In FIG. 1, EMAC panel 112 is shown at two locations merely for the sake of illustrative convenience. In one or more embodiments, an air monitoring system 150 may be installed as part of safety system 100 to automatically track and monitor a parameter (e.g., pressure) and/or a quality (e.g., indicated by moisture levels, carbon monoxide levels) of breathable air within safety system 100. FIG. 1 shows air monitoring system 150 as communicatively coupled to air storage system 106 and EMAC panel 112 merely for the sake of example. It should be noted that EMAC panel 112 may be at a remote location associated with (e.g., internal to, external to) structure 102. In one or more embodiments, for monitoring the parameters and/or the quality of breathable air within safety system 100, air monitoring system 150 include appropriate sensors and circuitries therein. For example, a pressure sensor (not shown) within air monitoring system 150 may automatically sense and record the pressure of the breathable air of safety system 100. Said pressure sensor may communicate with an alarm system that is triggered when the sensed pressure is outside a safety range. Also, in one or more embodiments, air monitoring system 150 may automatically trigger a shutdown of breathable air distribution through safety system 100 in case of impurity/contaminant (e.g., carbon monoxide) detection therethrough yielding levels above a safety threshold.

In one or more embodiments, fixed piping system 104 may include pipes (e.g., constituted out of stainless steel tubing) that distribute breathable air to a number of emergency air fill stations 120_1-P within structure 102. In one example implementation, each emergency air fill station 120_1-P may be located at a specific level of structure 102. If structure 102 is regarded as a vertical building structure, an emergency air fill station 120_1-P may be located at each of a basement level, a first floor level, a second floor level and so on. For example, emergency air fill station 120_1-P may be located at the end of the flight of stairs that emergency fighting personnel (e.g., firefighting personnel) need to climb to reach a specific floor level within the vertical building structure.

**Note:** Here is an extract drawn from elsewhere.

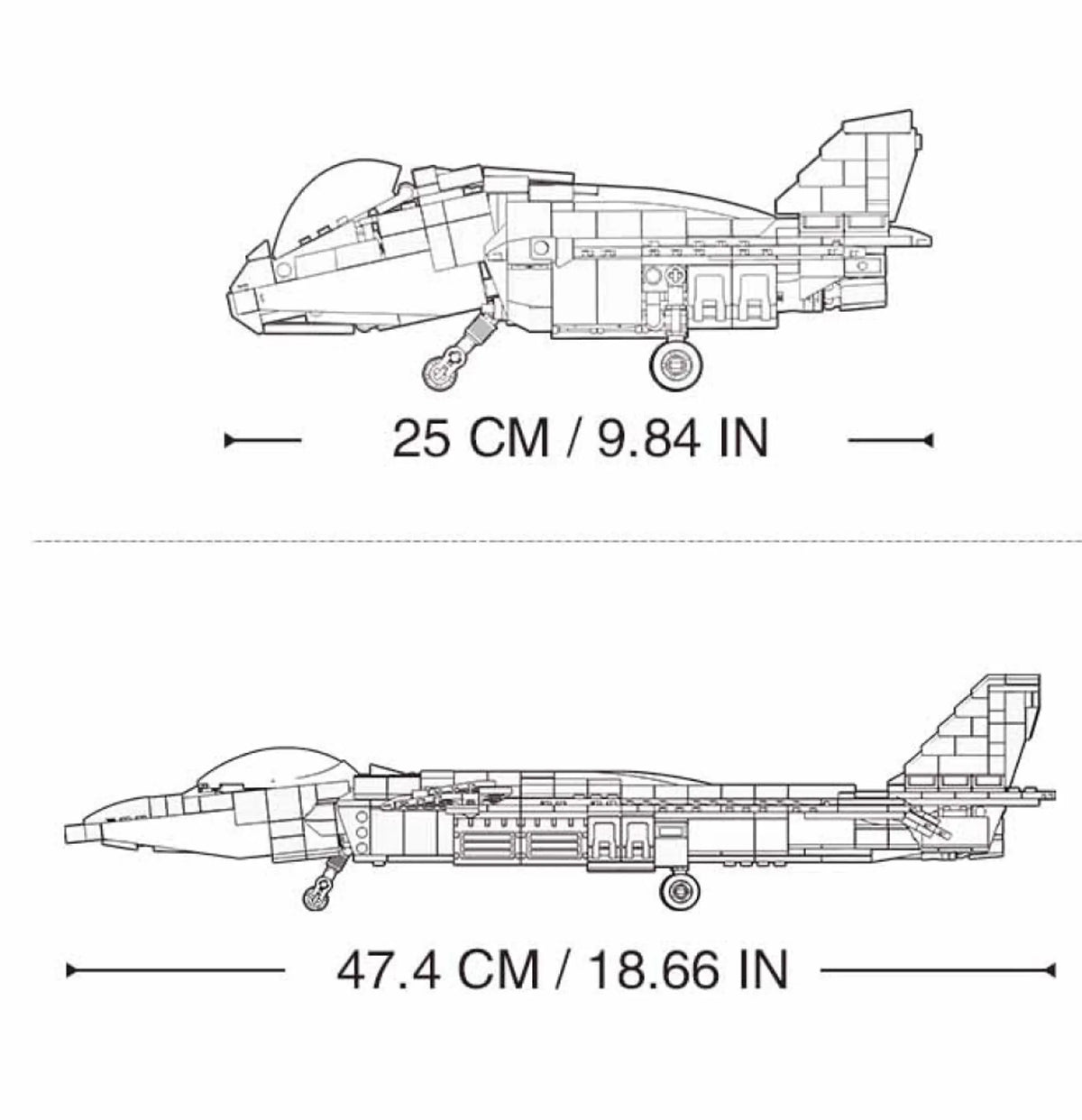 2-in-1 J-20 Mighty Dragon Fighter Jet Brick Kit (926 pcs)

In one or more embodiments, an emergency air fill station 120_1-P may be a static location within a level of structure 102 that provides emergency personnel (e.g., firefighters) with the ability to rapidly fill air bottles/cylinders (e.g., SCBA cylinders). In one or more embodiments, emergency air fill station 120_1-P may be an emergency air fill panel or a rupture containment air fill station. In one or more embodiments, proximate each emergency air fill station 120_1-P , safety system 100 may include an isolation valve 1601-p to isolate a corresponding emergency air fill station 120_1-P from a rest of safety system 100. For example, said isolation may be achieved through the manual turning of isolation valve 1601-p proximate the corresponding emergency air fill station 120_1-P or remotely from air monitoring system 150. In one example implementation, air monitoring system 150 may maintain breathable air supply to a subset of emergency air fill stations 120_1-P through control of a corresponding subset of isolation valves 1601-p and may isolate the other emergency air fill stations 120_1-P from the breathable air supply. It should be noted that configurations and components of safety system 100 may vary from the example safety system 100 of FIG. 1.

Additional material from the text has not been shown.